Congratulations to the 2021 Goldman Environmental Prize winners!
The Goldman Environmental Prize is the world’s foremost award honoring grassroots environmental activists and their extraordinary efforts to protect and enhance the natural world.
This year, we’re pleased to see two Global Greengrants Fund grantees on the list: Maida Bilal and Kimiko Hirata.
Maida Bilal, Bosnia and Herzegovina
In 2018, Maida, along with women from her village, led a 503-day blockade preventing heavy equipment that would be used to build a dam from reaching its’ destination. Their efforts led to the cancellation of permits for two proposed dams on the Kruščica River.
These projects were part of a dam boom in the Balkans, home to some of Europe’s last free-flowing rivers. Dams significantly alter river ways, redirecting the flow of water and leaving riverbeds dry, dramatically changing ways of life for people and animals. The Kruščica River lies within the boundaries of a protected landscape and is the lifeline for the village of Kruščica and the main water source for about 145,000 people in two nearby towns.
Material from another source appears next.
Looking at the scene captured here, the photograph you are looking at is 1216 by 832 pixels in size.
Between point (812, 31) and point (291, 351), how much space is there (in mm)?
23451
In 2019, Global Greengrants supported efforts to prevent the construction of the dams with a $5,000 grant to the Coalition for the Protection of the Rivers of Bosnia and Herzegovina to host a Western Balkan conference in Sarajevo and the implementation of joint regional actions between the many groups in the area working on the issue.
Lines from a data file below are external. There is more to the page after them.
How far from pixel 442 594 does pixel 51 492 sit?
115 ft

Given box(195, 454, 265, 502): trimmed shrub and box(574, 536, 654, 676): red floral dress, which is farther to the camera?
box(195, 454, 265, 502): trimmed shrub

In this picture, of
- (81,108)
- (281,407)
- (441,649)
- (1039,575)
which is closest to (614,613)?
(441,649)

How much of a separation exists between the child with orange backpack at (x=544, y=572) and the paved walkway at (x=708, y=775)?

In March 2011, a 9.0 magnitude earthquake and subsequent tsunami ravaged Japan and caused the dramatic meltdown of the Fukushima Daiichi nuclear power plant on the island nation’s eastern coast. After the disaster, Japan moved away from nuclear power, transitioning to coal as a main energy source.
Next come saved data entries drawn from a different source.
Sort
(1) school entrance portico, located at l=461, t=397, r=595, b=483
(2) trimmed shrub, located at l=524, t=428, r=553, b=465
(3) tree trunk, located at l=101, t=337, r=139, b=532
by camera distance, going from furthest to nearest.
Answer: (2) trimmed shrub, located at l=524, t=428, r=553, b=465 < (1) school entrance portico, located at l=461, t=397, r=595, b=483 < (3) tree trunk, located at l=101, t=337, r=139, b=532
Kimiko launched a grassroots campaign against coal, culminating in the cancellation of 13 planned coal plants. By preventing 7,030 MW worth of coal power plants from being built—nearly 40% of Japan’s planned new coal plant capacity—she averted the emission of 42 million tons of CO2 per year, or more than 1.6 billion tons of CO2 over the lifetimes of the proposed coal power plants.
In 2012, Global Greengrants made a $2,000 grant to the Kiko Network, the organization founded by Kimiko, to support research on nuclear policy in Japan as well as that surrounding alternative energy. The money was also used to organize a symposium that addressed domestic energy policy and proposed measures to attain a 30% reduction.
We are proud of the work of all of the 2021 Prize recipients and their outstanding efforts to protect both people and planet.